Шрифт:
Интервал:
Закладка:
«Это раб Божий: вы согрешите, если даже мысленно его осудите», – приводил в своих мемуарах отзыв епископа Гермогена о Распутине князь Жевахов и так объяснял секрет распутинского успеха: «Петербургское общество, во главе со своими иерархами <…> чрезвычайно чутко отзывалось на всякое явление религиозной жизни, предпочитая ошибиться, приняв грешника за святого, чем наоборот, пройти мимо святого, осудив его <…> Когда на горизонте Петербурга показался Распутин, которого народная молва назвала "старцем", приехавшим из далекой Сибири, где он, якобы, прославился высокою подвижническою жизнью, то общество дрогнуло и неудержимым потоком устремилось к нему. Им заинтересовались и простолюдины, и верующие представители высшего общества, монахи, миряне, епископы и члены Государственного Совета, государственные и общественные деятели, объединенные между собою столько же общим религиозным настроением, сколько, может быть, и общими нравственными страданиями и невзгодами. Славе Распутина предшествовало много привходящих обстоятельств и, между прочим, тот факт, что известный всему Петербургу высотою духовной жизни архимандрит Феофан, будто бы, несколько раз ездил к Распутину в Сибирь и пользовался его духовными наставлениями…»
Феофан ездил в Сибирь к Распутину не за духовными наставлениями, а совсем по другим причинам.
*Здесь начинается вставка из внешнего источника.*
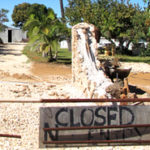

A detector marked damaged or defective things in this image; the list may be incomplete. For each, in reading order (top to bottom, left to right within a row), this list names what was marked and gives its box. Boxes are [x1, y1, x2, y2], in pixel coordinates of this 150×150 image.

Но в одном Жевахов был прав: религиозное напряжение в тогдашнем петербургском обществе было очень высоким, только религиозность эта была не слишком здорового толка, и в этом смысле Распутин с его причудливым духовным опытом и петербургский мятущийся свет рубежа веков попали в унисон.
«Если бы Распутин жил в царствование Императора Александра III, когда все в России, в том числе и в особенности, высшее общество, было более здоровым, он не смог бы нажить себе большей славы, как деревенского колдуна, чаровника. Больное время и прогнившая часть общества помогли ему подняться на головокружительную высоту, чтобы затем низвергнуться в пропасть и в известном отношении увлечь за собой и Россию», – сухо заметил позднее протопресвитер Шавельский.
Князь Жевахов, в отличие от протопресвитера и сам настроенный несколько экзальтированно, находил иных виновников русской катастрофы, а тягу общества к сибирскому страннику был склонен оправдать.
«Нужно знать психологию русского верующего, чтобы не удивляться такому явлению. Когда из "старца", каким он был в глазах веровавших, Распутин превратился в политическую фигуру, тогда только стали осуждать этих людей и усматривать в их заблуждении даже низменные мотивы. Но несомненным остается факт, что до этого момента к Распутину шли не худшие, а лучшие, вся вина которых заключалась или в религиозном невежестве, или в излишней доверчивости к рассказам о "святости" Распутина. Это были те наиболее требовательные к себе люди, которые не удовлетворялись никакими компромиссами со своей совестью, какие глубоко страдали в атмосфере лжи и неправды мира и искали выхода в общении с людьми, сумевшими победить грех и успокоить запросы тревожной совести; те люди, которым уже не под силу была одинокая борьба с личными страданиями и невзгодами жизни, и нужна была нравственная опора сильного духом человека. Потянулся к Распутину тот подлинный русский народ, который не порвал еще своей связи с народной верой и народным идеалом, для которого вопросы нравственного совершенствования были не только главнейшим содержанием, но и потребностью жизни».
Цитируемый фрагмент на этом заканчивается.